Bali came as a suprise to many, including those quite close to it and the Indonesian government and agencies, who chose to ignore the few warnings that they did get, a month or two out. Sidney Jones in 2002.
Its worth noting that radical Islam has long had a toe-hold in the Philippines, and the flavour in many SEA nations is quite different to that found in the ME. In Indonesia you need to mix in a post colonial resentment and a more contemporary resentment of bule (literally: albino, loosely westerners) tourist bars with signs saying "No locals" in an area in Kuta which Australian tourists had / have turned into one of the hellholes of Asia.
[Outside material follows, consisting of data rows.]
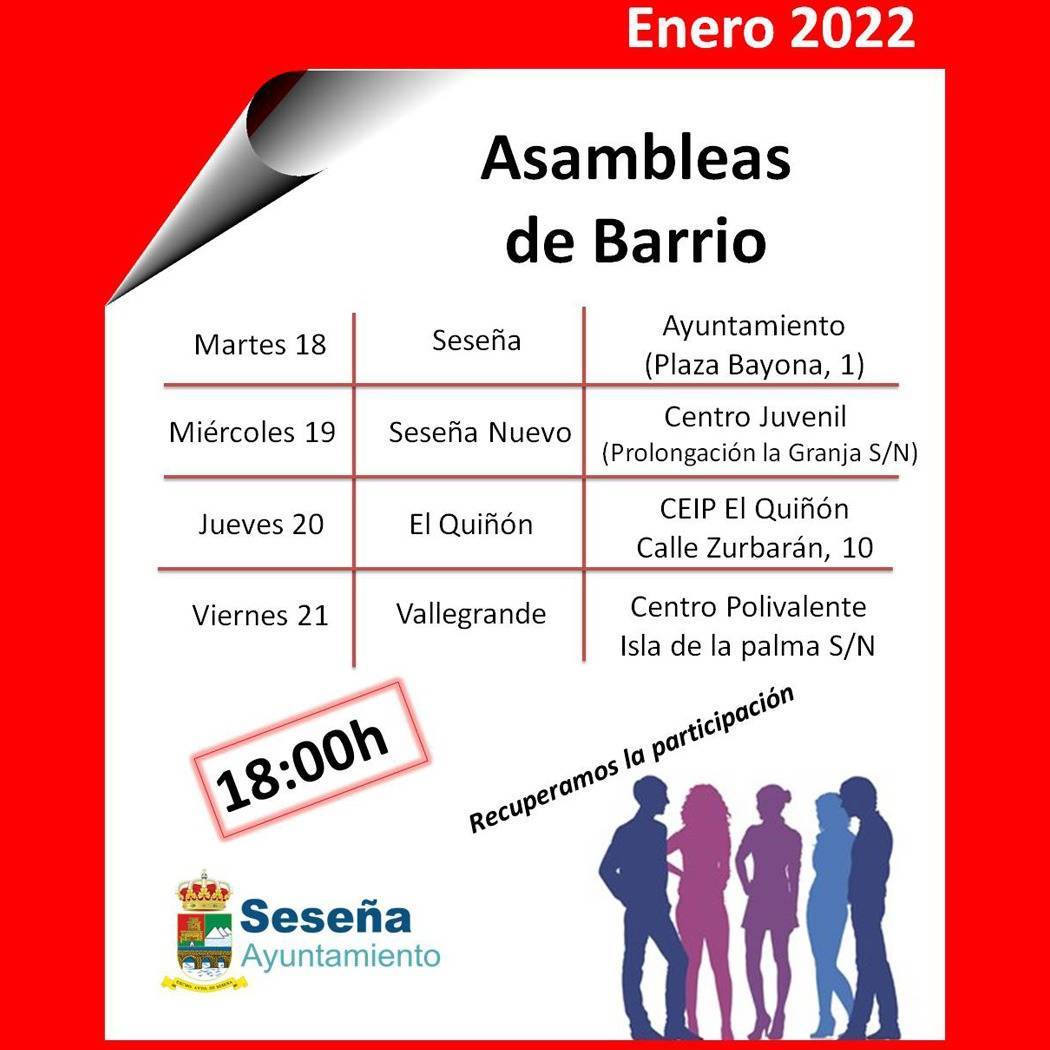 Asambleas de barrio (enero 2022) - Seseña (Toledo)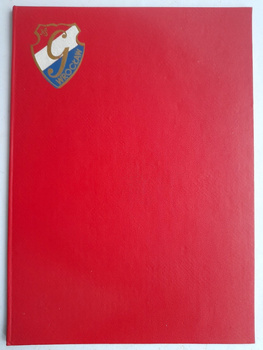 Leather old briefcase (case) for the KS Gwardia Wrocław diploma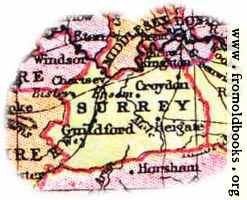 [picture: Overview map of Surrey, England]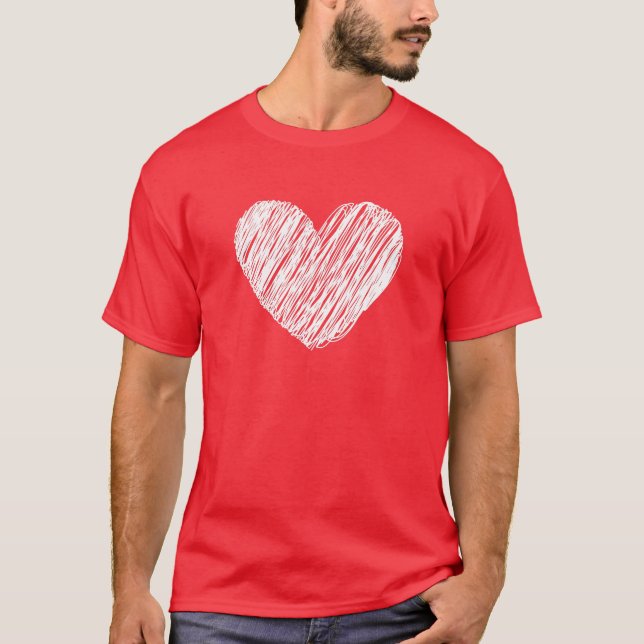 Valentine Gift för hennes enkla Purview-design T Shirt (Framsida)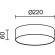 Потолочный светильник Technical C032CL-24W3K-RD-W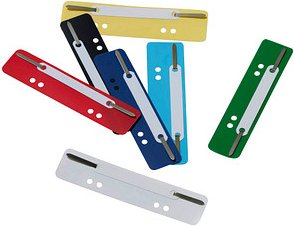 250 DURABLE Heftstreifen farbsortiert Kunststoff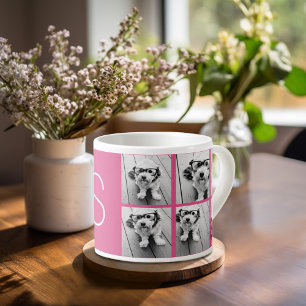 Xícara De Espresso Crie Sua Própria Colagem de Fotos Monograma Person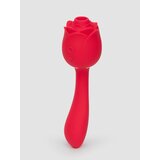 Lovehoney Floral Fantasy Rose Clitoral Suction Stimulator with G-Spot Vibrator - Red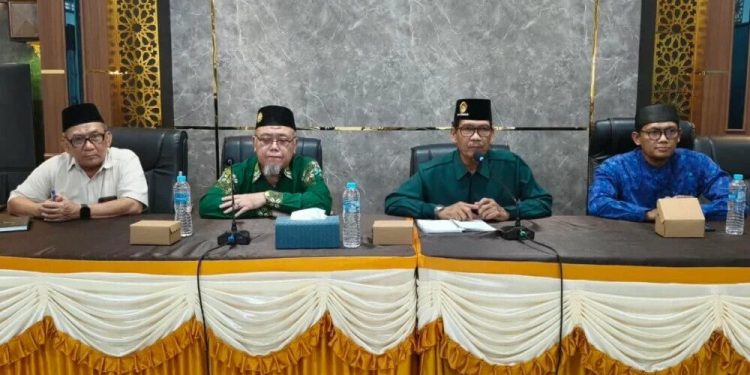 RS PKU Muhammadiyah Sukoharjo menemui jajaran DPD LDII Kabupaten Sukoharjo untuk membahas kerja sama pelayanan kesehatan. Foto: LINES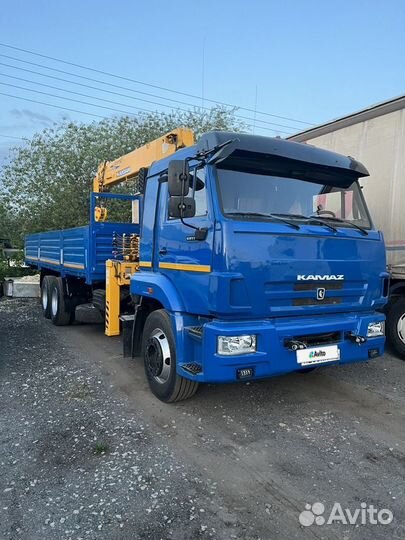 КамАЗ 65117-N3 с КМУ, 2013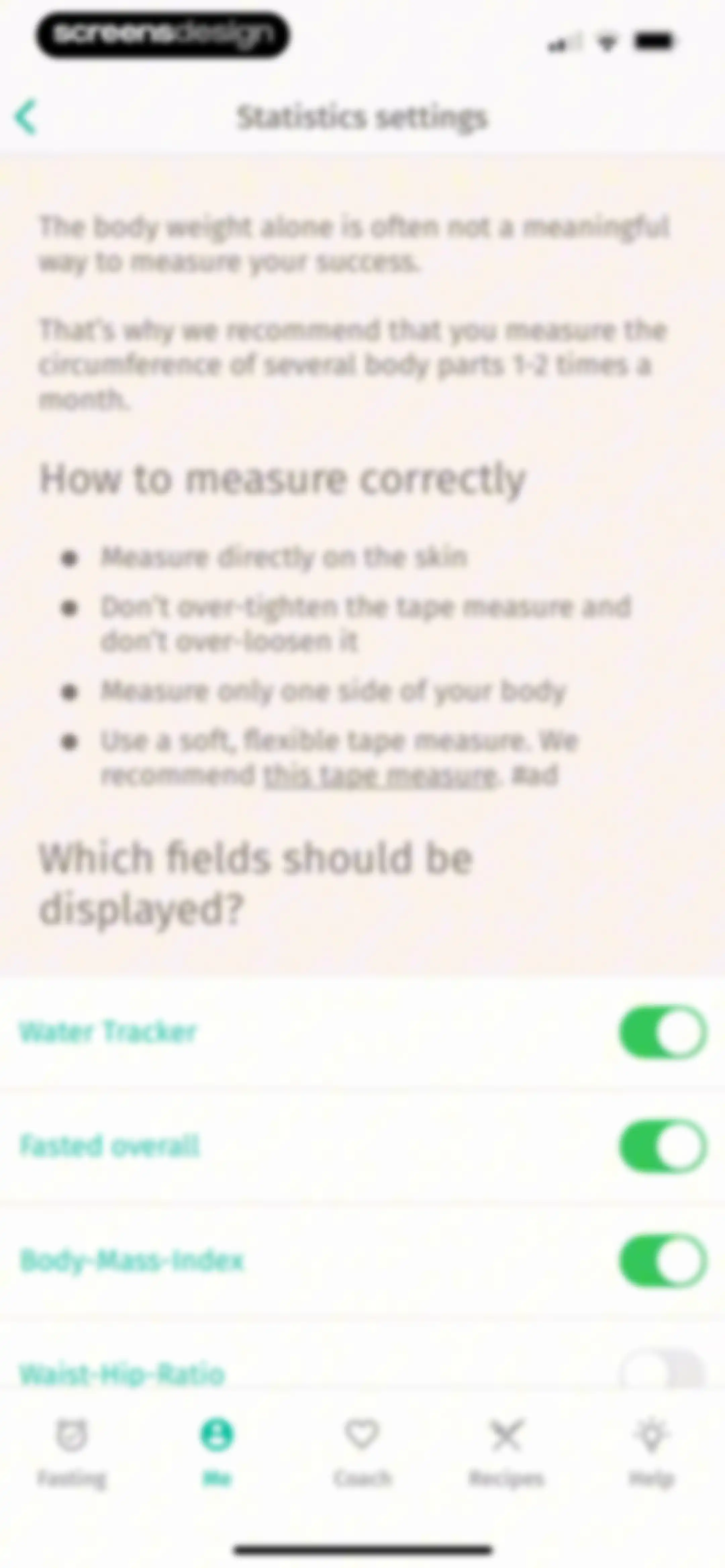 BodyFast: Intermittent Fasting screen 172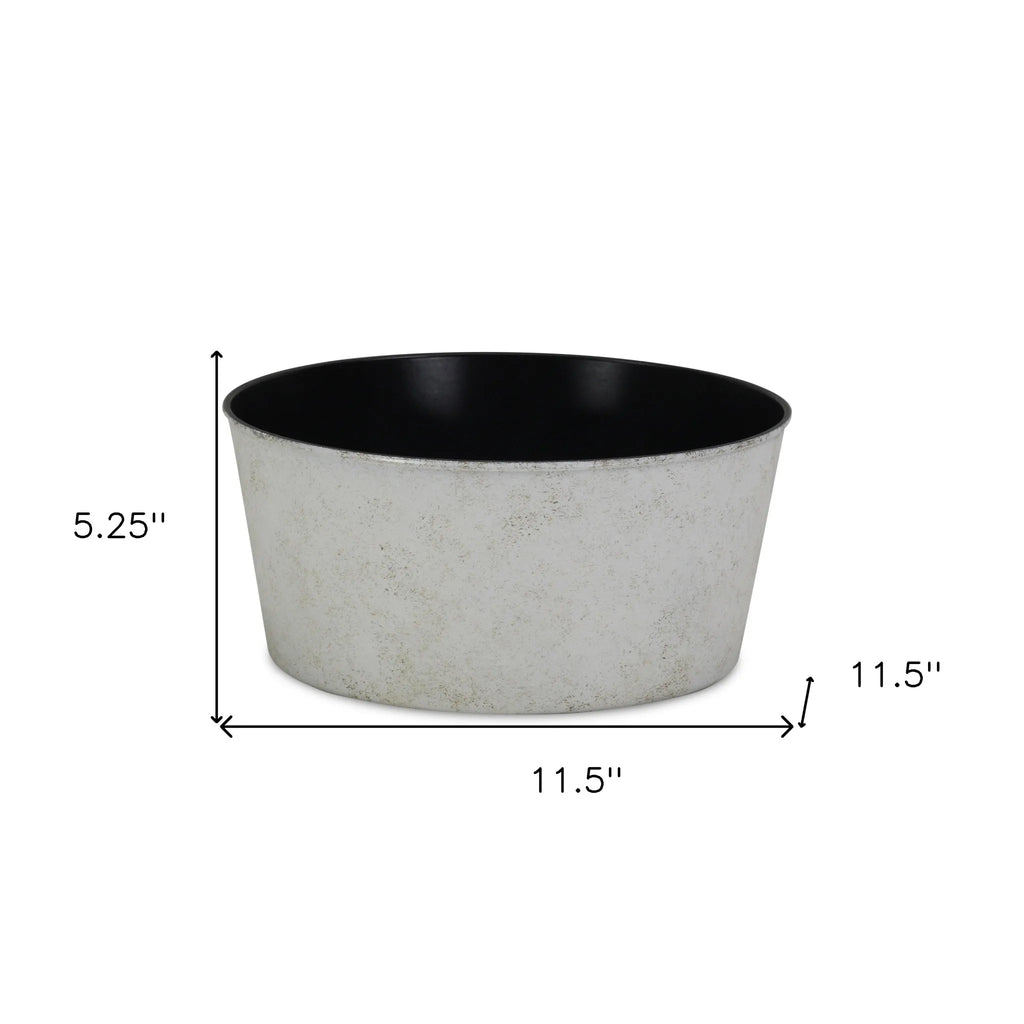 HMS 12\" Cream Recycled Plastic Large Indoor/Outdoor Pot Planter Giant Sheet Size for Floor Shopping Mall Use Atlantic Design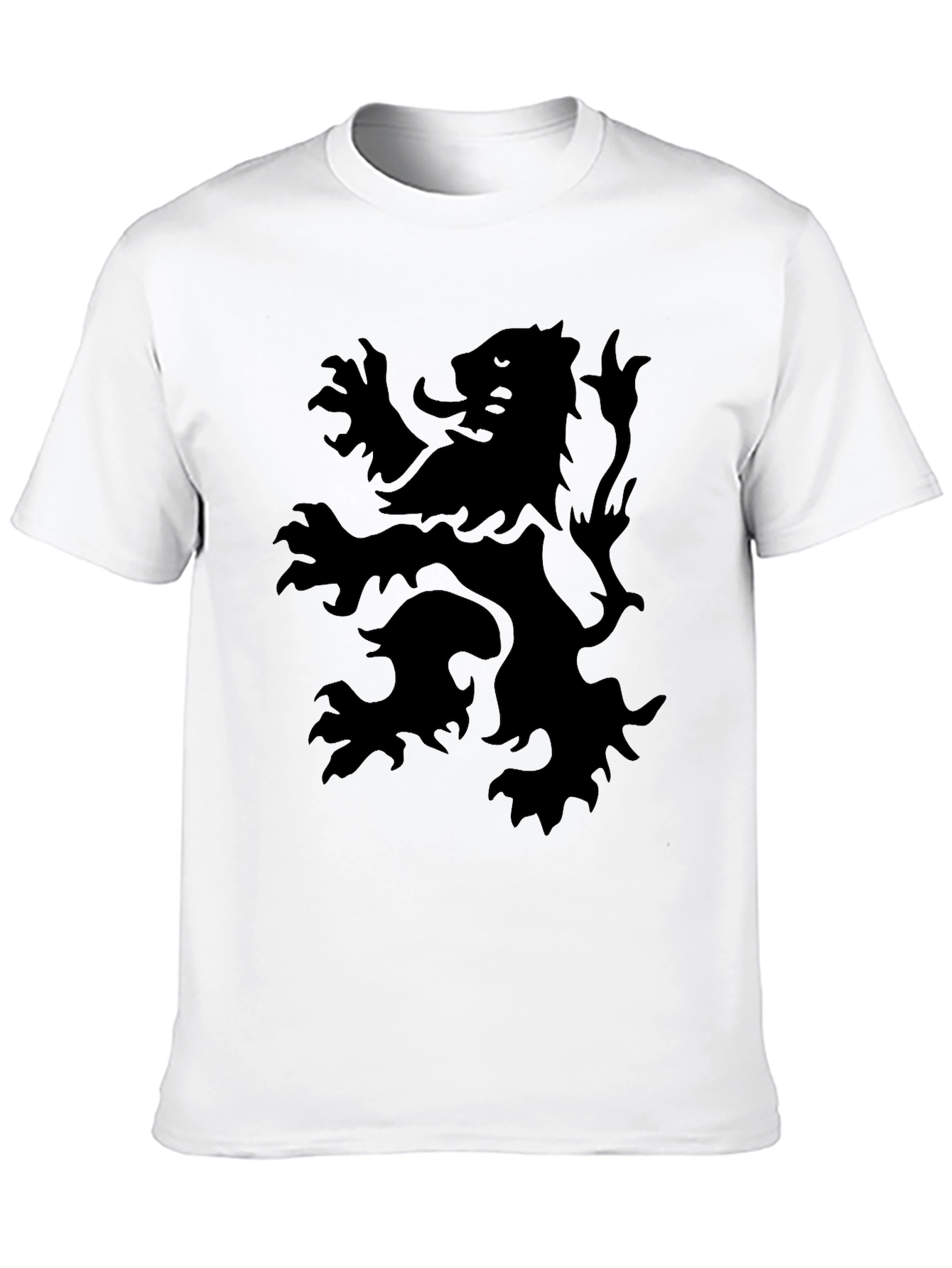 Black Lion Rampant Graphic Tee - Mens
There is also a divide between Bali and Java that's hard to overstate (the Javanese talk derisively of Balinese as hicks, and the Balinese, quite unfairly, blame Javanese for all crime on the island).
But unlike many middle eastern nations I don't think there was a big SEA flow to either the Mujahadeen or Al Qaeda, although I may be wrong on that. The ties between JI and AQ are at best tenuous. This are distant events to most Indonesians.
This is a fabulous book which straddles the pre and post 10/2002 blasts. It's both irreverent and terrifying, and three years after it's publication still pretty much bang on.
But hell, 5 years after..try and get a flight in and out of here to Europe or Australia or rent a villa. This place is booming in a rather more positive way now.